Hatıralarını anlattığı sırada ben Atatürk'e sormuştum:
-Afrika'ya gidip İtalyanlarla dövüşmek faydasızdı. Bir başarı umuyor mu idiniz?
-Hayır... Fakat Enver ve arkadaşları gideceklerdi. Halk gitmeyenleri vatanseverlik görevini yapmamış sayacaktı. Sizin kahramanlığınız lafta diyecek olanlar da çoktu.
Öyle şartlar içinde Mustafa Kemal'in yaptığını yapabilecek, cesarette demiyorum belki ondan gözüpekler vardı, azminde demiyorum belki onun kadar azimli olanlar vardı, bilgi de demiyorum, şüphesiz ondan daha bilgili olanlar vardı, fakat kırk yıllık ömrümde onun liderlik dehasında hiç kimseyi tanımadım.

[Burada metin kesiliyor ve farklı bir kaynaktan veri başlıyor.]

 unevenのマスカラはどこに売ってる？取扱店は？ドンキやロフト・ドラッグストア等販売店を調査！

Mustafa Kemal anasından tam gününde ve saatinde doğmuştu.
Mustafa Kemal bir millet bütün vasıtalarından mahrum edilse dahi, kendini kurtaracak vasıtaları yaratabileceğini ispat eden adamdır. Onun ilk talebesi Mussolini'dir.

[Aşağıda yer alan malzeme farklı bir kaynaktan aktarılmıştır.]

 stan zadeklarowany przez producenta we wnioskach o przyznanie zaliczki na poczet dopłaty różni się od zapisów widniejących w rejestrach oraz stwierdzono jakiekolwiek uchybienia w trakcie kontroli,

M.Kemal her şeyi ve herkesi kendisine kadar herkesi zaman zaman tenkid etmiştir. Fakat on beş yıl boyunca onun hususi meclislerinde bulunanlar bilirler ki, M.Kemal İsmet Paşa'yı bütün arkadaşlarından daima üstün tutmuştur. Onun zekasına, faziletine, devlet idaresine güvenmiştir. Nice defalar:
-Çocuklar Çankaya'da rahat ediyorsam, İsmet sayesindedir, demiştir. Bu sözü duymayan Çankaya davetlileri arasında parmakla gösterilir.